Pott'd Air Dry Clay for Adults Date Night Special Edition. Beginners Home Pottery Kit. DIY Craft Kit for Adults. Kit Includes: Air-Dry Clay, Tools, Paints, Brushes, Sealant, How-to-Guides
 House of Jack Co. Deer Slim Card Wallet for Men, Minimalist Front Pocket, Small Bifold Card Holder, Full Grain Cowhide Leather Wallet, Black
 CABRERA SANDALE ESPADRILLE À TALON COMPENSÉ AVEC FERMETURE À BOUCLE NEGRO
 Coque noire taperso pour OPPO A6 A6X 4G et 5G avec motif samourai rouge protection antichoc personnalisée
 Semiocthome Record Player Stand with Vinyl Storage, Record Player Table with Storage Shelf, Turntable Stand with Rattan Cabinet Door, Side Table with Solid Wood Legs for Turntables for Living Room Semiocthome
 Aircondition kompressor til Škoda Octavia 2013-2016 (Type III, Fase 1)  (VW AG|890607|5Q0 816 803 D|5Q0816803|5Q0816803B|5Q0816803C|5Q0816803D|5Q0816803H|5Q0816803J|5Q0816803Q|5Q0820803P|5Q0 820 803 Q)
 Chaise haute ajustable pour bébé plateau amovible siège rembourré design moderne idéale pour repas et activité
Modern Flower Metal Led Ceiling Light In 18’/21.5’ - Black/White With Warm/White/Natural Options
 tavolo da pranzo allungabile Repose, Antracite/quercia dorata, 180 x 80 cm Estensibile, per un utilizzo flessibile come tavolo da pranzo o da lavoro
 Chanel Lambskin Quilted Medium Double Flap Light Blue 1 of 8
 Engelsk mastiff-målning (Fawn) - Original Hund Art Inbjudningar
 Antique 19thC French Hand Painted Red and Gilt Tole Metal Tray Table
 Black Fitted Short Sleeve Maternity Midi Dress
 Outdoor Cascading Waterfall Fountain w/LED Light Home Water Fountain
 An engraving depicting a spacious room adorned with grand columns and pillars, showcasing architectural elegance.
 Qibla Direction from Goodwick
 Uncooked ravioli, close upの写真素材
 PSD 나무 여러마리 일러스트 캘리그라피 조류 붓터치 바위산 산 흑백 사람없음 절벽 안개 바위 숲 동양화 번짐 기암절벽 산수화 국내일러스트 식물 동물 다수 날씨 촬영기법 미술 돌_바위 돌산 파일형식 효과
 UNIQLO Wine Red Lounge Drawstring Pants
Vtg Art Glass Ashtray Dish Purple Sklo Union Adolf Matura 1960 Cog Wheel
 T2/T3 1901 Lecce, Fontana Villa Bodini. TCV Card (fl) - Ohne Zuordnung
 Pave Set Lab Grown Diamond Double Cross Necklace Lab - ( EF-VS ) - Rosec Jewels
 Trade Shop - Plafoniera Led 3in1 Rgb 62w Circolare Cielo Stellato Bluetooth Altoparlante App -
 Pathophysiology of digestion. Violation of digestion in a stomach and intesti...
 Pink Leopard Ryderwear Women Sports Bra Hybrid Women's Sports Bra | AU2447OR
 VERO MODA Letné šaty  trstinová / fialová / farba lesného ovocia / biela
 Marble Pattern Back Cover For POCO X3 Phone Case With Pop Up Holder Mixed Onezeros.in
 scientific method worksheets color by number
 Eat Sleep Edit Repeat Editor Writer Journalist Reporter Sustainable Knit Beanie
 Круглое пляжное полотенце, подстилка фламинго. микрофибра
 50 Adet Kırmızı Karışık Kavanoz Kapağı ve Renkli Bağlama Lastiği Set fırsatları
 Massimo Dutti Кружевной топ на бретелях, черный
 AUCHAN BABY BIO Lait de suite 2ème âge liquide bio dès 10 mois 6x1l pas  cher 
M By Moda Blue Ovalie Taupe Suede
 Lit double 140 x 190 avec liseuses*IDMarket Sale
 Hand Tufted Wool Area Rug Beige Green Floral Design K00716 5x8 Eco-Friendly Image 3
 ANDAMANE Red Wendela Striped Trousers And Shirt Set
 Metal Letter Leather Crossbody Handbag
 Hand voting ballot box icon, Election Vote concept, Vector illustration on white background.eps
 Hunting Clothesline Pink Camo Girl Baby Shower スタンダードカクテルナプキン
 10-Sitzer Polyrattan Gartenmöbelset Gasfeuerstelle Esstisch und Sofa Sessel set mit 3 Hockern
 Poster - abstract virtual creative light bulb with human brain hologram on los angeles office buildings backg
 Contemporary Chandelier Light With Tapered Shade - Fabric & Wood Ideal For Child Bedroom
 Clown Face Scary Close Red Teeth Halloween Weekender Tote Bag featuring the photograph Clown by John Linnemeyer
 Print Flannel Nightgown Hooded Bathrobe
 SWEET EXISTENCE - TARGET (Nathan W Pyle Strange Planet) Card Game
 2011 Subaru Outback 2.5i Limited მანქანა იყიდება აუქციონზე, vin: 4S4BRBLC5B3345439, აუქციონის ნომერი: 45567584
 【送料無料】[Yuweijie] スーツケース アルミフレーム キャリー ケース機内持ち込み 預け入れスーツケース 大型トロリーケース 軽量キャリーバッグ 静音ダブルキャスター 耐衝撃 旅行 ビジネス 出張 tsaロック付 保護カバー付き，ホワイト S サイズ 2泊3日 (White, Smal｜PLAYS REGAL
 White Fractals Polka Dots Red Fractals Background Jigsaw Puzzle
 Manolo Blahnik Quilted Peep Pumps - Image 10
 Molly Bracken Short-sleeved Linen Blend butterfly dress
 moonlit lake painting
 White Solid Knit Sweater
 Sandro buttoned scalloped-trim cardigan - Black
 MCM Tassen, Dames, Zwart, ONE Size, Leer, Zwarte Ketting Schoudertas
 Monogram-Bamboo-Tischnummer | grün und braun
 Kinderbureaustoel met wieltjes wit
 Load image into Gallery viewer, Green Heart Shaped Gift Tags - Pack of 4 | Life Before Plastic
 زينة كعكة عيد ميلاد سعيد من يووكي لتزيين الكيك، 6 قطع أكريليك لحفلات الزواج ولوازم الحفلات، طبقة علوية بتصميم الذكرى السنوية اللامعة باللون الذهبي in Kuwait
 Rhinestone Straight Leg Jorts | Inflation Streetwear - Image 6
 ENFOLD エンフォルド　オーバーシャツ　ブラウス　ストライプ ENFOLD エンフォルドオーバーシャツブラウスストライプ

# PROMPT:
Write only the number of lines in the material above where the string "Holder" occurs.

# YOUR SOLUTION:
2